Marx may not have done but Engels offers a brief definition of the classes in capitalist society in a footnote to a an edition of the Communist Manifesto published after Marx's death:

“By bourgeoisie is meant the class of modern capitalists, owners of the means of social production and employers of wage labour. By proletariat, the class of modern wage labourers who, having no means of production of their own, are reduced to selling their labour power in order to live.

The latter part of this quote is important because it hints that a definition of class is not to be found in terms of what people actually do, i.e. sell their labour power, but what they are compelled to do, what Elster terms 'endowment-necessitated behaviour'.

Anonymous said...

At last year's Marxism, Lindsey German mentioned that the first English translation had a "frightful hobgoblin" haunting Europe.
It's such a simple work that it took me a long time to bother reading it.

Boffy said...

To Duncan,

The problem is that as Engels says in the letter to Bloch referred to above such an economic determinist definition of class is next to useless for practical application. For one thing no such pure classes exist in reality. Then we have to consider that although the Bourgeoisie and the Proletariat are the two main historical classes in modern society confronting each other they are by no means the ONLY classes in modern society. Just look at the list that Marx gives in the 18th Brumaire, look at the role of the peasantry, of the petit-bouregoisie etc. that Trotsky had to try to theorise in understanding class conflicts in the USSR. What about the Landlords and the extent to which they are partly merged into the Capitalist class partly still dependent upon Rent? What about the Lumpenproletariat? In Capital Marx speaks of the growing number in Capitalist society who would be technicians and administrators forming an ever growing "Middle Class", how to account for them.

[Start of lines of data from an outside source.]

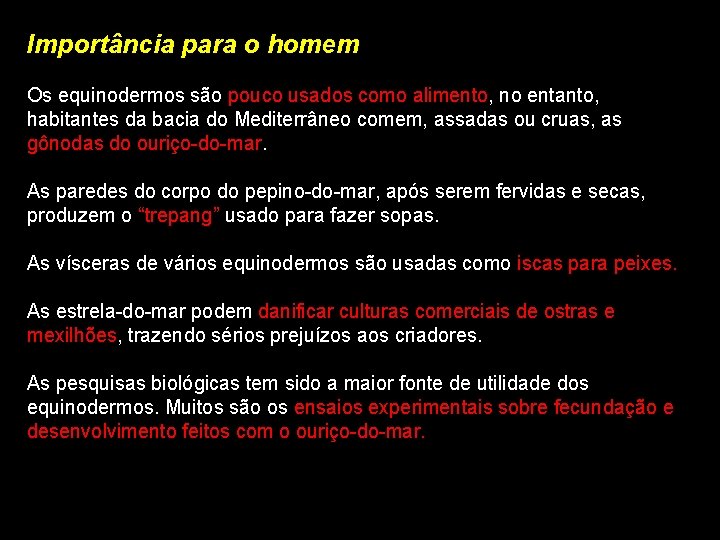 Importância para o homem Os equinodermos são pouco usados como alimento, no entanto, habitantes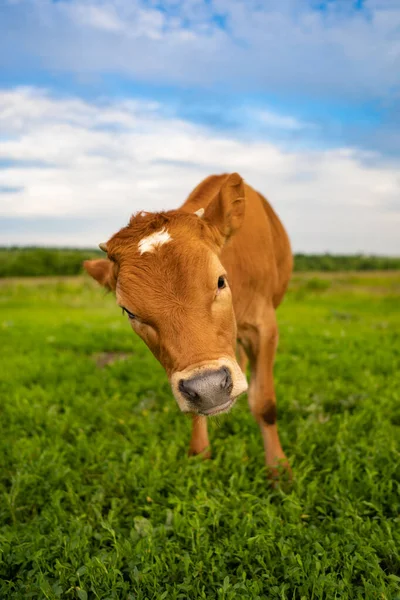 Portrait Funny Calf Close Selective Focus — Stock Fotó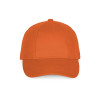 6 PANELS EASY-PRINT CAP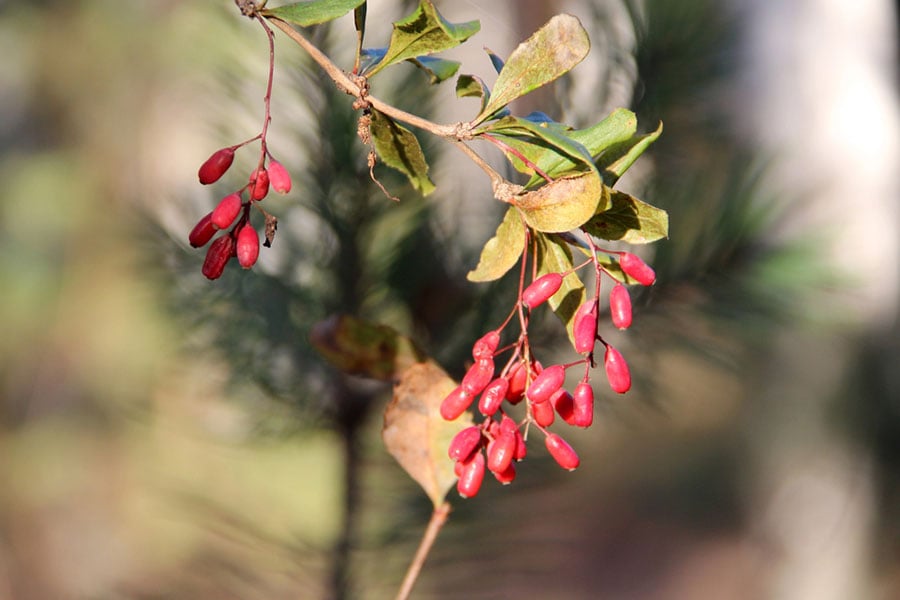 Как да отслабнем без тренировки?, берберин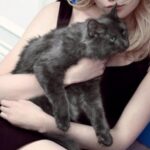 Sky Ferreira Instagram - 🐱Part 2 🐱Lots of cat wrangling. Tons of cat models getting fired. I’m dead serious btw. No cats were harmed (dreams were crushed 💔) @inezandvinoodh @hairbychristiaan @jeaninelobell @brandonmaxwell @gb65 @stephengalloway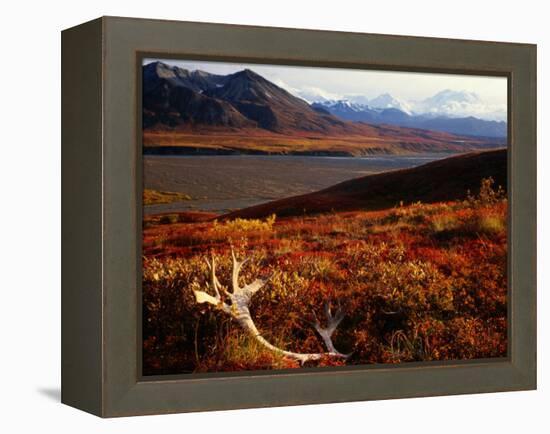 Caribou Antlers on the Tundra in Denali National Park, Denali National Park & Reserve, USA-Mark Newman-Framed Premier Image Canvas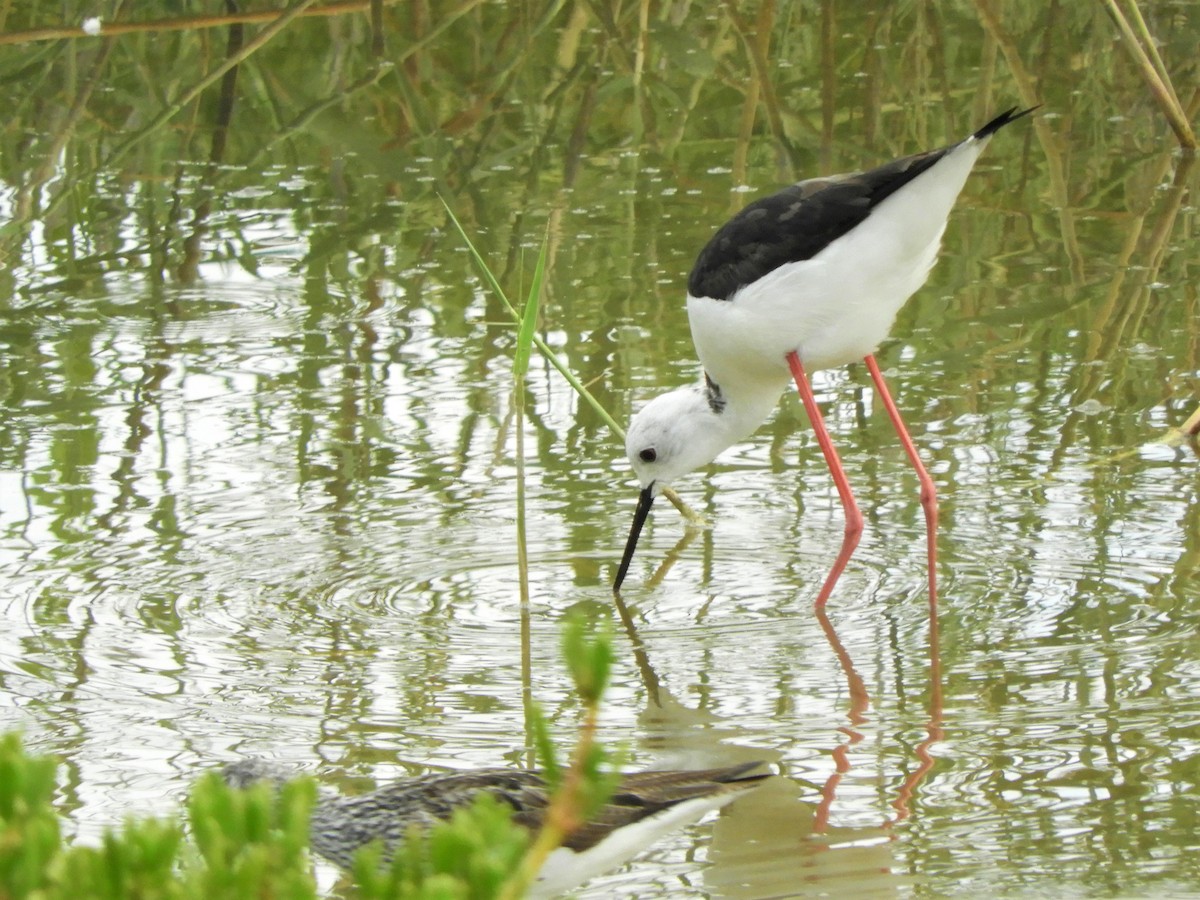 Black-winged Stilt - ML642519306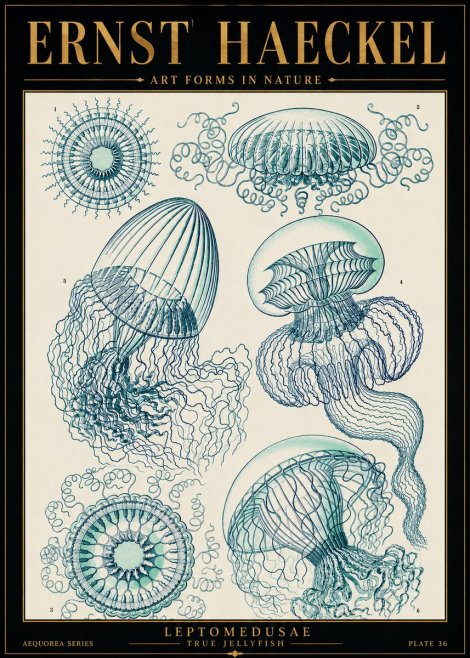 Ernst Haeckel Leptomedusae True Jellyfish No5 - Poster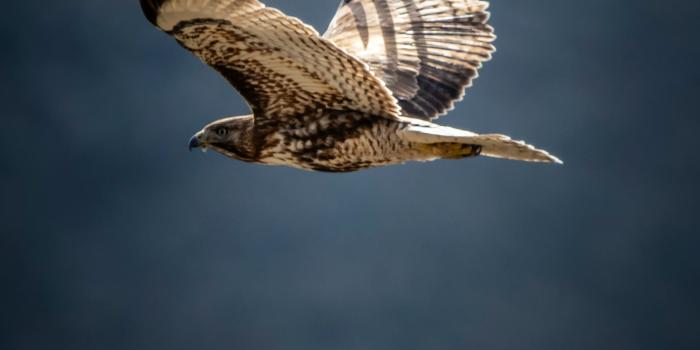 2735x3419 Hawk Bird Photos, Download Free Hawk Bird Stock Photos & HD Images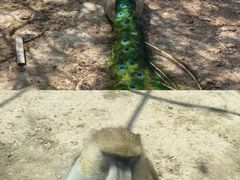 -新疆天山野生动物园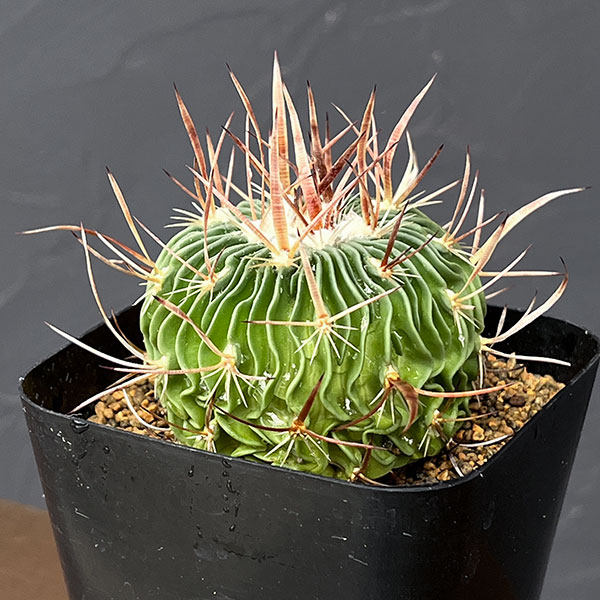 サボテン:ステノカクタス 千波万波(センパバンパ) 3.5号鉢植え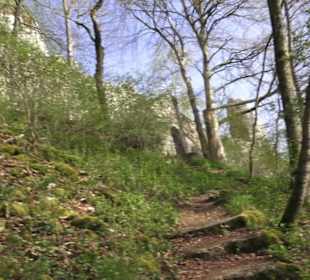 Wanderweg Hochgehswiggert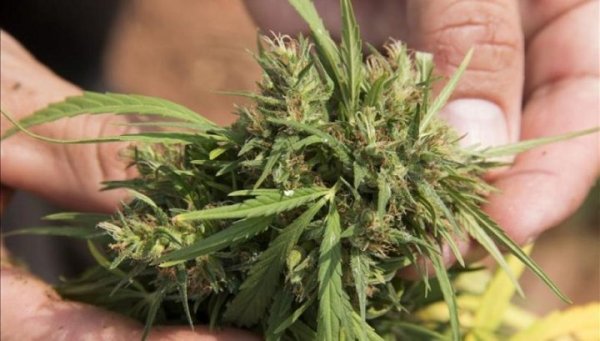 Motosierra al cannabis: no avanza la libertad de cultivar, producir y consumir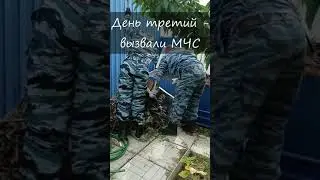 ГАДЮКА В САДУ В ВОЛГОГРАДЕ! УКУСИТ?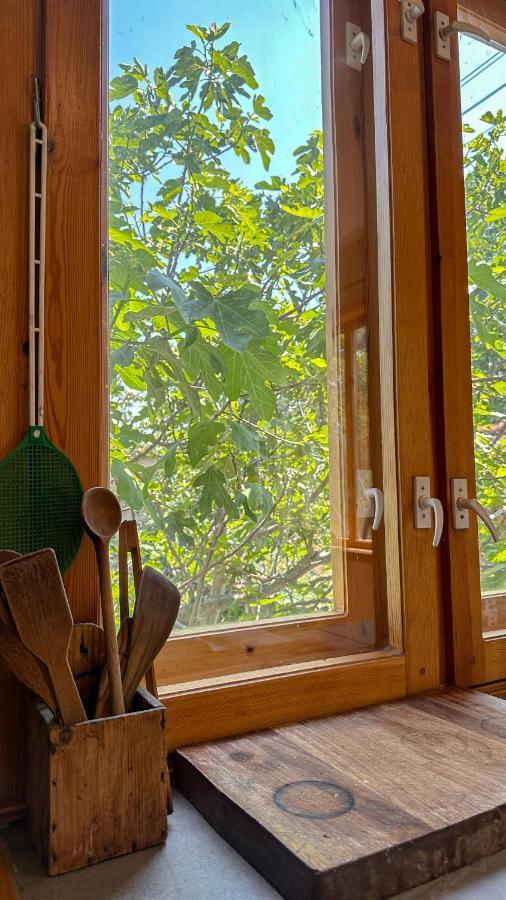 Camping Kromidovo Kültér fotó
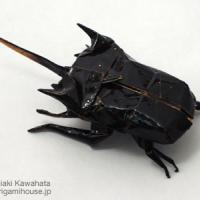 Eupatorus Horned Beetle
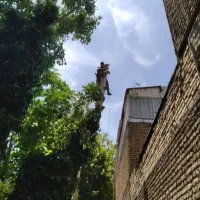 نیسان کمپرسی خریدار. چوب|خدمات باغبانی و درختکاری|نوشین شهر, |دیوار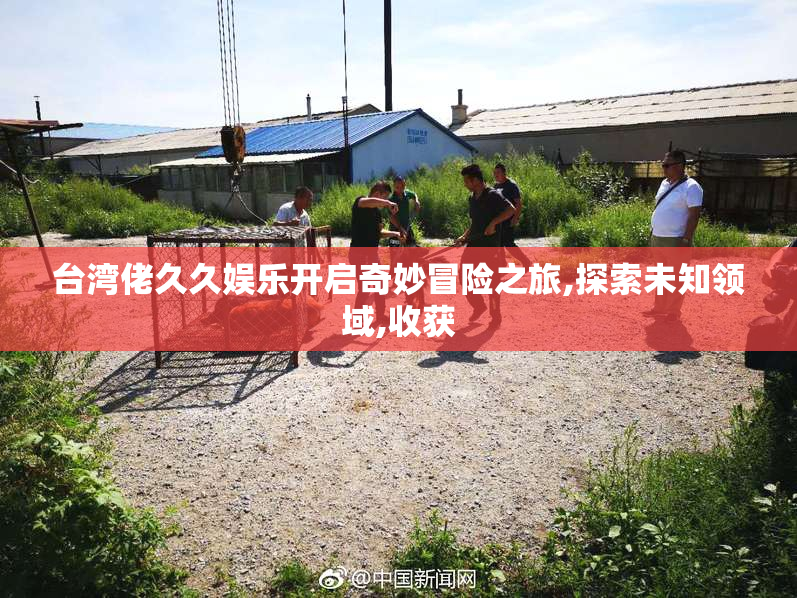 台湾佬久久娱乐开启奇妙冒险之旅,探索未知领域,收获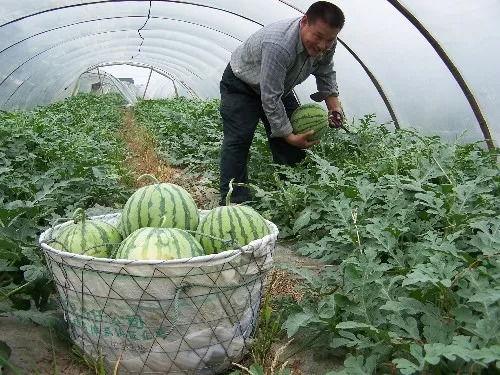 夏天吃脆瓜还是沙瓜好,脆瓜与沙瓜，哪一款更胜一筹？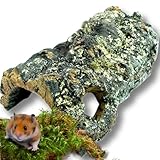 Vogelgaleria® Korktunnel 30cm mit 2 Löchern, Korkröhre für Kleintiere wie Hamster, Maus, Ratte, Gerbil, Degu, Käfigdeko, Hamsterhöhle, Hamsterversteck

And simply on the basis of an economic determinist definition of class how account for working class Tories and so on. The economic determinst model leads leninists to have to account for such phenomena by the wholly inadequate "false conscioussness".

I think Engels more holistic approach to class in the Letter to Bloch is far more consistent with his and Marx's Historical Materialist method. As Engels begins that letter by saying economic factors are only "ultimately" the deciding factor they aimed to make no further claim. Understanding real living classes requires a detailed study of them in their specificity, which is precisley what Marx did in the quoted works. But, it is also why as can be seen from the small fragment on the topic in Capital, it is why he broke off the attempt to give some kind of "box" definition of class as being Quixotic. There is a good discussoin of this Here , which if I recall correctly also discusses why Marx does not give specific definitions for other key categories such as "forces of production", because such categories can only, consistent with his method be defined in their speciicity not as general a historical phenomena.

Joseph Dubonnet said...

I have thought Political Sociology as it was my major at the PHD level studying the role of the state in advanced capitalist societies (did not graduate though, I am a PHD drop out). It was fun and I can say that The Communist manifesto is a good choice for students in these times. A quick read and a good introduction to Marxism and Socialism. Have fun with the course!